尘土中飞扬的幸福
——读黄海的诗《河口镇》 作者:池沫树
河口镇
搭一辆便车去河口。乘一元的中巴去河口
5公里,颠簸的路基,松垮的人,忙忙碌碌。
河口镇,田野泛绿,一片水滩上鸟雀飞回来
闲散的人更闲,他们打牌、吆喝、上街游逛
像我的亲人,住在那里吃着免费的午餐
河口镇,赶早的人,下夜班的人,早上好。
河口镇,美容院、夜总会、公共浴池下班了
它们,早上好。有人热爱它,像我爱上自己的祖国
据我所知,河口镇,的确有这样一个地方。百度搜索:安徽霍邱县河口镇 河口镇位于城西南40公里处,在沣河与叉河汇合处的西岸。 清咸丰、同治年间,河口水路方便,商业繁荣,有较大盐粮行48家,每天往来客商2000人次,商船200余艘,日吞吐量达百万斤。也就是说,黄海的《河口镇》这首诗并非虚构的,而是写实的。在黄海的另一首诗《去乌镇》有着同样的风格。黄海的诗大多是个人对生活的体验。而这首《河口镇》具有普遍性的体验,不管是黄海,还是你我他,这种对生活的观察处处可见。
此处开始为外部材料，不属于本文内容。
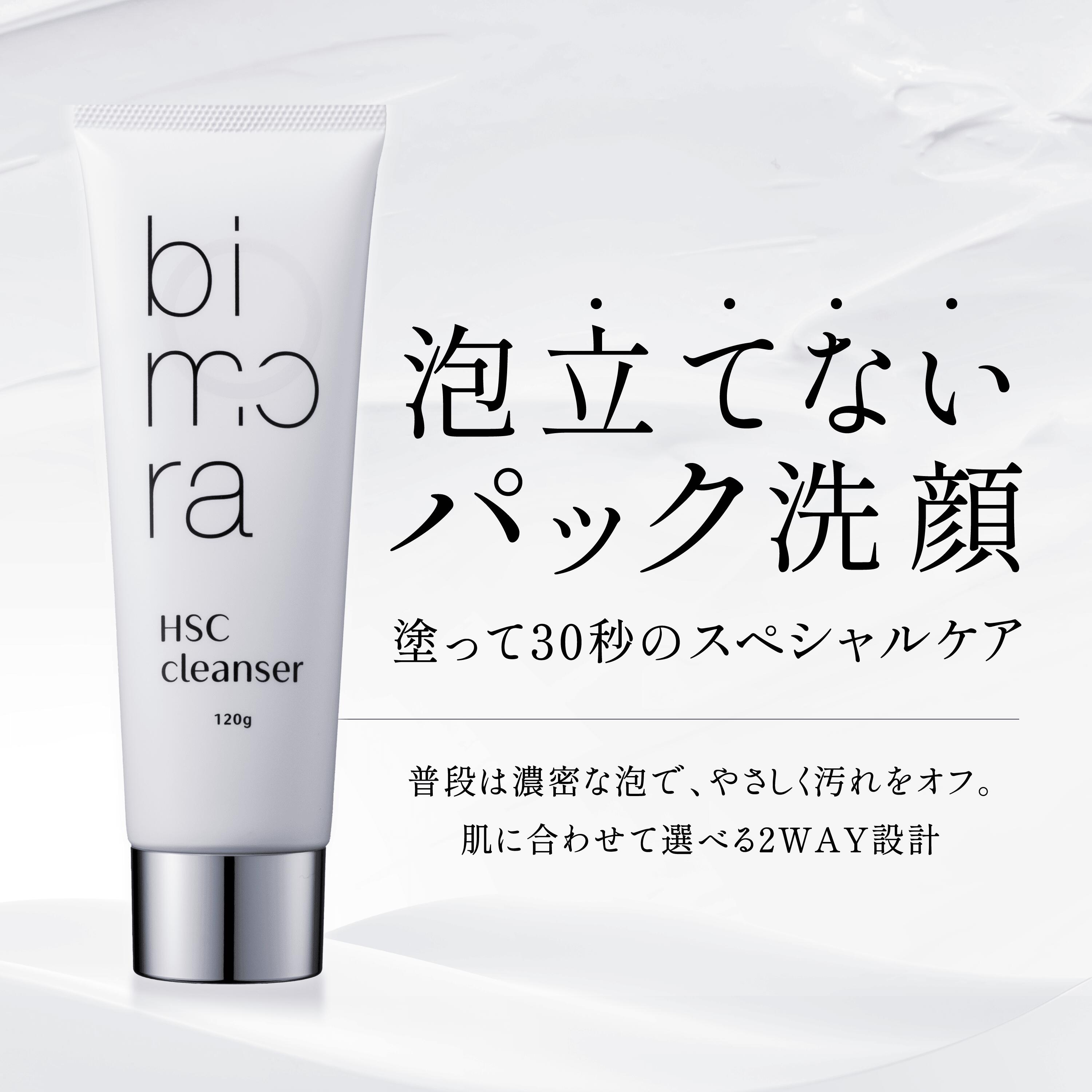 楽天市場】【300円OFFクーポン配布中】洗顔 洗顔フォーム 洗顔料 毛穴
《河口镇》带有日常的叙述性。第一段第一句说明了二种去河口的方法,这种方法是随性的,平民化的。并没有暗示去的重要性和目的。“5公里,颠簸的路基,松垮的人,忙忙碌碌。”这一句抵达事物的表象,也是事物的本质,逃离了所有观念束缚和意义先置,在现象界漫游,获得一种本真心得。正是这一句为整首诗做了语感和句式上的铺垫。接下来在“观察”的大网中捕获了河口镇的点点滴滴。“田野泛绿、水滩、鸟雀、闲散的人、赶早的人、下夜班的人、美容院、夜总会、公共浴池”。第二段对闲散的人进行了“演绎”。诗歌在客观的白描中于事物的缝隙里流露几许人性的温馨——“像我的亲人,住在那里吃着免费的午餐”,伴随自发语感,不乏平淡中的韵味和深埋中的底蕴,是个体生命彻底挣脱各种绞索的释放,终于在生活与存在中找到“位置”。“它们,早上好”这一句在诗歌一开始的佯装冷漠中发出了一声置身事物外的问候,恰如一个无表情的脸忽然露出了笑脸,而这是承接着“河口镇,赶早的人,下夜班的人,早上好”,同样是如此。那么,在置身于旁观者的冷漠中是如何打破的呢?仍然是上一句:“像我的亲人,住在那里吃着免费的午餐”。因此,这一句是这首诗的诗眼,使整首诗得到了“幸福”的提升。在最后一句:“有人热爱它,像我爱上自己的祖国”,对现象做了推进和概括性的提升,像一个舞蹈完美的收尾。在语感底蕴上,三句开头的“河口镇”排列开来,中间的“早上好”使整首诗在对河口镇的日常“观察”紧密的溶在一起。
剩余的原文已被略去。